I am the second signatory to amendment (a), and I want briefly to outline my thoughts on its necessity and why it may help the House. I have obviously approached this in a slightly different way from my right hon. Friend Sir Oliver Letwin. As the House will be perfectly well aware, I continue to believe that Brexit is a historic mistake of very great proportions, and I am afraid that at no time since the referendum took place have I felt, despite efforts on my part to do so, that we are moving towards a position where I could ever take the view that the future outside the EU was going to better than remaining in it.

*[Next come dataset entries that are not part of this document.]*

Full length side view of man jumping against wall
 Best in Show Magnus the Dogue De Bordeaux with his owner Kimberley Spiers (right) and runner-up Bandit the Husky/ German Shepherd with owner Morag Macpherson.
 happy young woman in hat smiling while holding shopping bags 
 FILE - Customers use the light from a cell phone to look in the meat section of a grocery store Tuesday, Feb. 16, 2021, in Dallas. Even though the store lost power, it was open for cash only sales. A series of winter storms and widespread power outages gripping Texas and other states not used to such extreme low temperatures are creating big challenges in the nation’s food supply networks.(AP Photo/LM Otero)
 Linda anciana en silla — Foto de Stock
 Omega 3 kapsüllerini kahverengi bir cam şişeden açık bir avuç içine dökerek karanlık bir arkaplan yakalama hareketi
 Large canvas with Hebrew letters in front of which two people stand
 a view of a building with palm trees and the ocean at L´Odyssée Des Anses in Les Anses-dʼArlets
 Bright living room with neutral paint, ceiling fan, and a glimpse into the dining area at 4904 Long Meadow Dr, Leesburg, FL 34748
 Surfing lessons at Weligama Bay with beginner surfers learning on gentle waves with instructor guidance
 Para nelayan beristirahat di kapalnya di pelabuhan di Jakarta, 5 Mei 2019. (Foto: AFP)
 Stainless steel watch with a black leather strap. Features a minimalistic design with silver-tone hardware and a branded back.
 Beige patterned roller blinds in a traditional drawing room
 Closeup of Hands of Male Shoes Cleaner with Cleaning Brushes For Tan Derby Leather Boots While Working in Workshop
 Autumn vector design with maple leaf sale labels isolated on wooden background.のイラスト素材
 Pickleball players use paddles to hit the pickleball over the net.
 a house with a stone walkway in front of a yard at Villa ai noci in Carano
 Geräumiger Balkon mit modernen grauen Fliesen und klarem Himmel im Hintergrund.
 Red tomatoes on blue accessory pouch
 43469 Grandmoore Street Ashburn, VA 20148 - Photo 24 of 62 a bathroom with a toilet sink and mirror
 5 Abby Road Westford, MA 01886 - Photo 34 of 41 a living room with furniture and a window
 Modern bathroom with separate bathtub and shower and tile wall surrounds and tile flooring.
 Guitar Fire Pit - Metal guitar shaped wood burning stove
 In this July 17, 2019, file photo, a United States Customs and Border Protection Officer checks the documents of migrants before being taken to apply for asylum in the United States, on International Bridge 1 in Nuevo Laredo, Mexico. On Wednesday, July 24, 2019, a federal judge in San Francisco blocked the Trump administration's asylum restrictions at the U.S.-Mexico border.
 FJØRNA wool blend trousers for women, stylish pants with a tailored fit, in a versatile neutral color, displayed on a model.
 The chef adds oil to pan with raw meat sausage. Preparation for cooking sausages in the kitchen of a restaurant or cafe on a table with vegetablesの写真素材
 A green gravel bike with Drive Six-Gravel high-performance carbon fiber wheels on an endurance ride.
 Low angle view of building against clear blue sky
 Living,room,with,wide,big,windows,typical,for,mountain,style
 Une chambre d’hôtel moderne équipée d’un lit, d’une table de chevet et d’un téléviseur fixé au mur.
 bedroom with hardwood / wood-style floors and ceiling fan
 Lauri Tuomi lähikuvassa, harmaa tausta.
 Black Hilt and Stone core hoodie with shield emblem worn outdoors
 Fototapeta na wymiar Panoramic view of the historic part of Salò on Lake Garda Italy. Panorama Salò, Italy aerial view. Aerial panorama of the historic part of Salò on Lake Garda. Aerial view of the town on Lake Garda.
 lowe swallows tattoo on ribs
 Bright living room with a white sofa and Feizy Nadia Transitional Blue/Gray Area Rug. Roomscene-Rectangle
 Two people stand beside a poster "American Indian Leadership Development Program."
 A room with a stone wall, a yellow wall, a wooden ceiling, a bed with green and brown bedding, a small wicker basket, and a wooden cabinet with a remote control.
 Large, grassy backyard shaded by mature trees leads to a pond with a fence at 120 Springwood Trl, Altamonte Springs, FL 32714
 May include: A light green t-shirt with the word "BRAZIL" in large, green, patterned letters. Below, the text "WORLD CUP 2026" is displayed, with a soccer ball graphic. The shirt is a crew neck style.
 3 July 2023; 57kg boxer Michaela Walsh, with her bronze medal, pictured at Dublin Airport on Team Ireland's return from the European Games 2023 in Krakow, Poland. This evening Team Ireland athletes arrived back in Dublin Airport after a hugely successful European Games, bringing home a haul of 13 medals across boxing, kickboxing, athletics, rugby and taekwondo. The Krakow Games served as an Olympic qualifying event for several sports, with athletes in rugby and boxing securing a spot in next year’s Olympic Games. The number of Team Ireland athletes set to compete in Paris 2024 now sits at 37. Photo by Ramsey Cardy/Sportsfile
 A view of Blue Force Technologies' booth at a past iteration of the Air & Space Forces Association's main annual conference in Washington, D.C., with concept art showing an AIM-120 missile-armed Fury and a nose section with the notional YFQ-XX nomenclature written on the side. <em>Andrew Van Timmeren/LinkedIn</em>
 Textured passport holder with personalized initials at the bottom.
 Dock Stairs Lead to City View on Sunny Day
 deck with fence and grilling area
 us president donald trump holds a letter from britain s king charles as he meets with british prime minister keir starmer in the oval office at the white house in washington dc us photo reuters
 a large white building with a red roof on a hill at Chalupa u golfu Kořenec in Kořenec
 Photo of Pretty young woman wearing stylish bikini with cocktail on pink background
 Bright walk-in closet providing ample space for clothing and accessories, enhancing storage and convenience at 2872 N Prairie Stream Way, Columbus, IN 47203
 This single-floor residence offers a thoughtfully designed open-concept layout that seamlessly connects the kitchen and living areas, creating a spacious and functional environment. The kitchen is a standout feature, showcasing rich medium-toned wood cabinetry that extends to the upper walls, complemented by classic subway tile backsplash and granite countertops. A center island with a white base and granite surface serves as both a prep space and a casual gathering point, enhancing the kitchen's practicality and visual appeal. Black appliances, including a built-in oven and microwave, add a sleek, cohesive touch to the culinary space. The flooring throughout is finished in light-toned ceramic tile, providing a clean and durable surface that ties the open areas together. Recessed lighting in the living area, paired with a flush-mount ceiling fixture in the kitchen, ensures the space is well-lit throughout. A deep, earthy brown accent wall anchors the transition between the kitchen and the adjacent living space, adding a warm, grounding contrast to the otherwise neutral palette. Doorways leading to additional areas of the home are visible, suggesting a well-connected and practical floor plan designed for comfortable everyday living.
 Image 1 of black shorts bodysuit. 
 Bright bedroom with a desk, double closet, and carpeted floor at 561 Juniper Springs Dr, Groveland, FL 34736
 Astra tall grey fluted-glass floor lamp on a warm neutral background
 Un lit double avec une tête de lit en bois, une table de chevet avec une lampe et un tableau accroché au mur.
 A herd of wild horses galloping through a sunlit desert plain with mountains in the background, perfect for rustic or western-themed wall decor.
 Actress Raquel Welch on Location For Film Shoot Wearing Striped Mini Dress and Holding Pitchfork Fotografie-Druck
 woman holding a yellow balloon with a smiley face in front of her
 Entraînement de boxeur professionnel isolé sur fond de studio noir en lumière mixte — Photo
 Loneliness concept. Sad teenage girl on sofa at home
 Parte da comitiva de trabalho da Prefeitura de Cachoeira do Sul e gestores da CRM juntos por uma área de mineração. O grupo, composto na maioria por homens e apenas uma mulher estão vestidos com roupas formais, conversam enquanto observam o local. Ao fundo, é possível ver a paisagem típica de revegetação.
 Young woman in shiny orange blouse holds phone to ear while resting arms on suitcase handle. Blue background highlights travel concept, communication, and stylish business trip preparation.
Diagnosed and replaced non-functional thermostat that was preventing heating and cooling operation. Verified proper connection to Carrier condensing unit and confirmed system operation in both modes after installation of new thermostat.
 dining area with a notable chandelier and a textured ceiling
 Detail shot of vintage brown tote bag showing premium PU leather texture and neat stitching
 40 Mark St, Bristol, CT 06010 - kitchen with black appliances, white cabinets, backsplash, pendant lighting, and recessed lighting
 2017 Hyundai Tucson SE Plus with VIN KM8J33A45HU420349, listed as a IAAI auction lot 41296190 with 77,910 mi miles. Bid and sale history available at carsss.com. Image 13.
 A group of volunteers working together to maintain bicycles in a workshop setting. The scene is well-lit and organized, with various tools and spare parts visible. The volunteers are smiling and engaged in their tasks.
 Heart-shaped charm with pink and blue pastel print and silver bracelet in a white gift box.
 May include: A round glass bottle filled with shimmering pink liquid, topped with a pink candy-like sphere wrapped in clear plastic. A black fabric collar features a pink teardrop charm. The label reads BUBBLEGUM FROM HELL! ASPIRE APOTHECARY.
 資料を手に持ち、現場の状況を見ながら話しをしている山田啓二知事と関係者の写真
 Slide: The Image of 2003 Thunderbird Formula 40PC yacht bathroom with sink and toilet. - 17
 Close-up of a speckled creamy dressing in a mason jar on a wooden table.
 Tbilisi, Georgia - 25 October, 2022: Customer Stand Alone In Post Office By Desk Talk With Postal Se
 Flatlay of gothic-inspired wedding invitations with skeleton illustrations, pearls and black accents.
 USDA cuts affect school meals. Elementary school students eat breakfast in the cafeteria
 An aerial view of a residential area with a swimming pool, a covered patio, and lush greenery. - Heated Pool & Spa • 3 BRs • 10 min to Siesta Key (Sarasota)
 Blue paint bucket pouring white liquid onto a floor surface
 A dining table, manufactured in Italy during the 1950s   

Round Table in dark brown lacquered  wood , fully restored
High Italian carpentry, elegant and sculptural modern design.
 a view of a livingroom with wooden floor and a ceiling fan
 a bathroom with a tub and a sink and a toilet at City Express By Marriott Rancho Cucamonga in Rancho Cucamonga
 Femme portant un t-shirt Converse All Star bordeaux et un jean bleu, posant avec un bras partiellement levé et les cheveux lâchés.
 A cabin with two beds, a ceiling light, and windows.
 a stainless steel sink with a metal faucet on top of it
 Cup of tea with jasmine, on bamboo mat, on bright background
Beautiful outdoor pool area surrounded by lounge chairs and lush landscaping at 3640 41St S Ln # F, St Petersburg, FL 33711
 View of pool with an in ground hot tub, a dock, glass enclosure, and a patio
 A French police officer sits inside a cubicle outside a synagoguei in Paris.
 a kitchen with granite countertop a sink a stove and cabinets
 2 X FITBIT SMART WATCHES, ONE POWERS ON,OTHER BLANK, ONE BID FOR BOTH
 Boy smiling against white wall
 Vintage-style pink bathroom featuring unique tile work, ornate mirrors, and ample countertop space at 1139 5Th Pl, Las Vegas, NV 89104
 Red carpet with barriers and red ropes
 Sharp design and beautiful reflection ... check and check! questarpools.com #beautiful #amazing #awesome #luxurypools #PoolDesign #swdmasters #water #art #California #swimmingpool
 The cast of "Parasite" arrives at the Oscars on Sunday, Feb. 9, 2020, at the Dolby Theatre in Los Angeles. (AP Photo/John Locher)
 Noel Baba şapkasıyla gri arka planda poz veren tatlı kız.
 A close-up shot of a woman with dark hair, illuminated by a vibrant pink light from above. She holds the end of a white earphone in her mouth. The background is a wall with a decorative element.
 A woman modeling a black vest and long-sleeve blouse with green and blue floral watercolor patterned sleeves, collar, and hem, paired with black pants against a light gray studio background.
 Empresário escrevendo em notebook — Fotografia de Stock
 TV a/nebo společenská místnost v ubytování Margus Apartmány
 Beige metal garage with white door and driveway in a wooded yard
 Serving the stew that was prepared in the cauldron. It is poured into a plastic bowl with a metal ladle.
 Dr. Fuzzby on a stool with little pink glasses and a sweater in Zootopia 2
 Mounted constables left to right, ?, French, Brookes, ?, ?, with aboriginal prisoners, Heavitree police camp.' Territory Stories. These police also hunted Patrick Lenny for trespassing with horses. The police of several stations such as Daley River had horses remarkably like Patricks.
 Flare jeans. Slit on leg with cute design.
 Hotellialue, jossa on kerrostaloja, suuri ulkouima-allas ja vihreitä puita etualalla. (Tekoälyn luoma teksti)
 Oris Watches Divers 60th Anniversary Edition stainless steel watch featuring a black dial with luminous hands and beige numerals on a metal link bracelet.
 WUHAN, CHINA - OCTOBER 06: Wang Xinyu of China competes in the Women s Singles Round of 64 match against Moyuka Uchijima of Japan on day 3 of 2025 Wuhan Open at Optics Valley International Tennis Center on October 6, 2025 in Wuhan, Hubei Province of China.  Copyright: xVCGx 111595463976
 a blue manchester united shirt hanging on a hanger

But I certainly voted to trigger article 50. I did it in deference to the result of the referendum and in the full knowledge that we could not even start negotiations unless we did so. Although I have occasionally been characterised as trying to obstruct Brexit, the truth is that, throughout 2017 and 2018, most of the work I did was to try to improve the process because of the concerns I had that it was being shortcut, thereby making mistaken outcomes all the more likely. I think there were only two occasions when I voted on substantive motions about alternatives, but that was because I was rather worried about the extent to which the Government seemed to be self-imposing red lines, and on neither occasion did it come anywhere close to success. I accepted that, and I accepted also that I should reserve my position on what the Government were negotiating and indicated that on a number of occasions in debates.
Where I disagree with or differ from my right hon. Friend the Member for West Dorset is that, when I finally came to look at the Government’s deal as negotiated in December, I thought it was a deal that was going to condemn us to a third-rate future. That is the basis on which I have been unwilling to support it. In saying that, I am entirely mindful of the fact that it has been negotiated in good faith by my right hon. Friend the Prime Minister, and I believe that every Member on the Front Bench has exercised as much diligence as possible to get the best possible outcome. Of course, that raises another question. If the outcome secured in December was so unsatisfactory that it was defeated by 220 votes in this House, and defeated because the examination of it from differing directions by Members on both sides of the House found it wanting, that calls into question whether in fact a fundamental error has been made and the entire process has inherent flaws.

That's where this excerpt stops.